Ancien vassal des Okami, Hideo s’était rapproché des Kawa pour anéantir les troupes de Toru. Mais ce n’était qu’un leurre. En proposant de faire bloc contre les Okami, les Okyo avaient gagné la confiance des Kawa pour mieux les trahir. Ainsi, ils s’étaient retournés contre eux en les menant dans un terrible guet-apens lors duquel les Kawa avaient perdu de nombreux soldats. Toru n’avait pas eu le plaisir de s’en réjouir, car il craignait que les Okyo ne les attaquent à leur tour.
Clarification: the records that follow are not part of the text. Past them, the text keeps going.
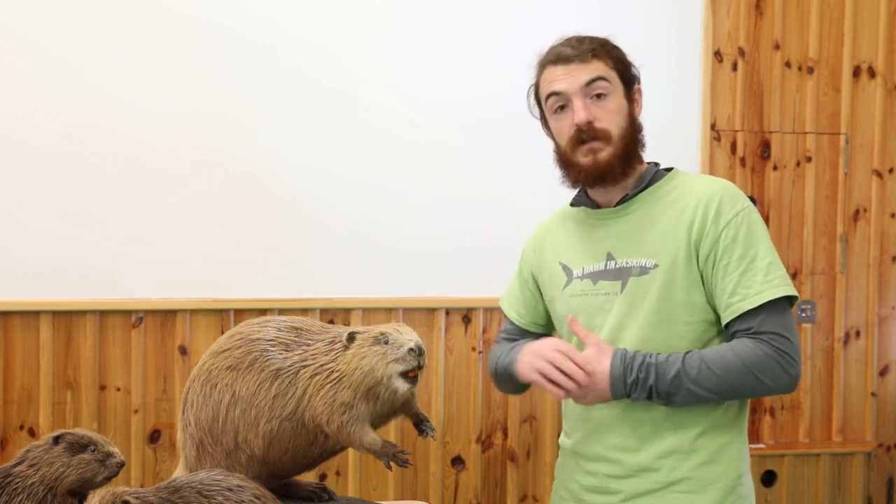A cool fact about beaver's teeth is that they are self-sharpening. They consist of two different elements: the front is made up of a hard enamel and the back a softer dentine. The erosive action of chewing down trees means that the back of the teeth erodes quicker than the front, which leaves a sharp chisel-like shape. A combination of their tough and sharp teeth and strong cheek muscles means that they are able to chew through any tree.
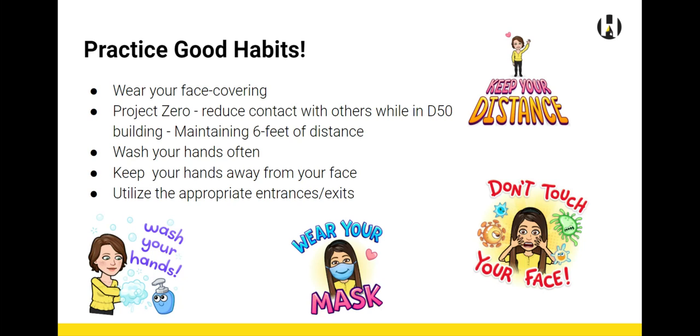Be sure you're always practicing good habits: keep your distance, don't touch your face, wear your mask, and wash your hands. Be sure you're also utilizing the appropriate entrances and exits of your building.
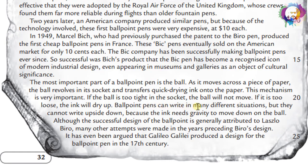Ballpoint pens can write in many different situations, but they cannot write upside down, because the ink needs gravity to move down onto the ball.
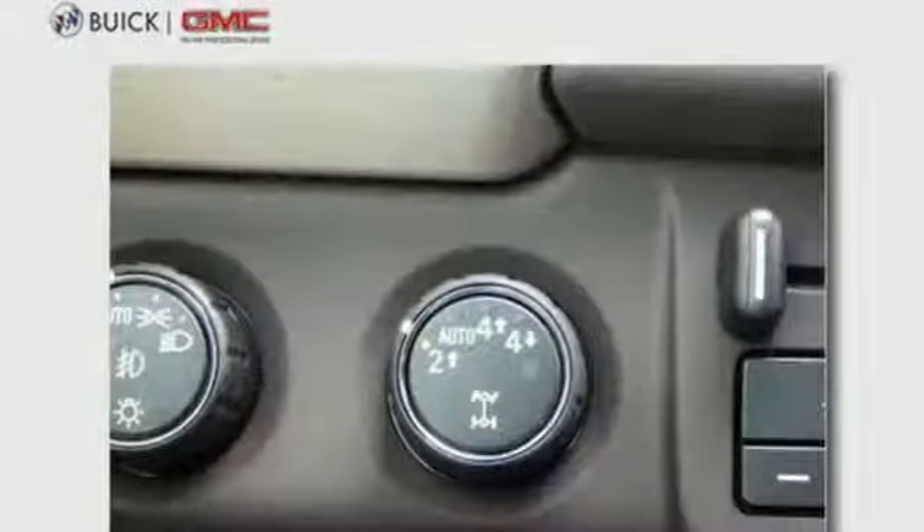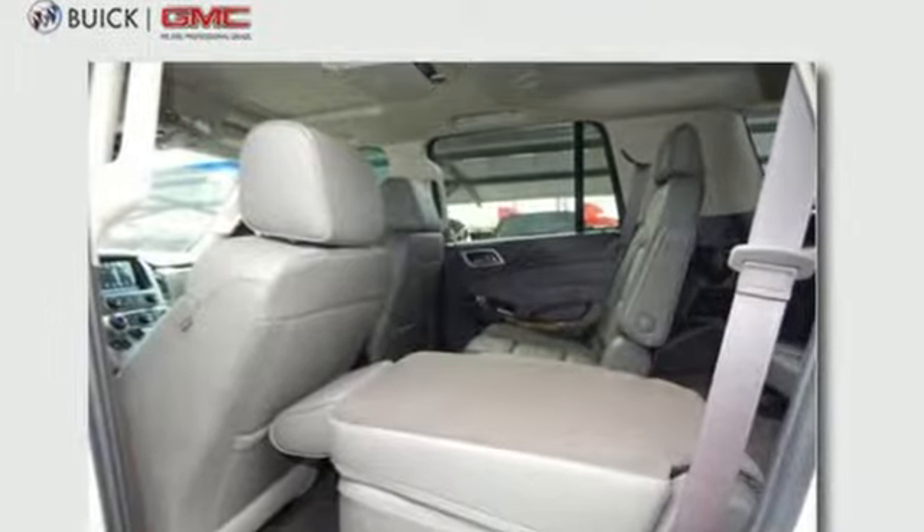It also comes with tri-zone climate control, hands-free power liftgate, lane keep assist, and remote vehicle start.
Pour le moment ils restaient à l’écart, mais après ce qu’ils avaient fait aux Kawa, ce n’était plus qu’une question de temps.
Gaku Kawa s’était donc empressé de proposer une alliance aux Okami pour les repousser. Fatigué par tant de conflits, Fujio Okami avait accepté la proposition de mariage afin de calmer son peuple qui croulait sous les taxes servant à régler des dépenses militaires. Il valait mieux éviter une insurrection populaire et apaiser les paysans en leur promettant un espoir de paix. En contrepartie, Gaku s’engageait à protéger leur province en cédant une partie de ses forces militaires et en leur faisant profiter des armes à feu achetées aux colons européens. Cependant, Toru savait qu’il ne pouvait pas entièrement faire confiance à ses anciens ennemis. Comme à leur habitude, les daimyos avaient évoqué une clause tacite au mariage et qui garantissait entièrement la sécurité du domaine de Toru. Si les Kawa les trahissaient, il serait dans l’obligation de tuer Akeko. Sa femme était un otage, rien de plus.
Un frisson lui parcourut la nuque. Sa future épouse allait apparaître d’une seconde à l’autre et il ne se sentait pas prêt. Lui qui était si doué dans le maniement des armes et dans la stratégie de guerre, il était perdu à l’idée de partager sa vie avec une fille de seize ans, qui plus est dans de telles circonstances. La jeune promise savait pertinemment qu’elle n’était qu’un tribut, alors comment l’amour pourrait-il naître entre eux ? Pour lui, cette union représentait les barreaux de sa future prison.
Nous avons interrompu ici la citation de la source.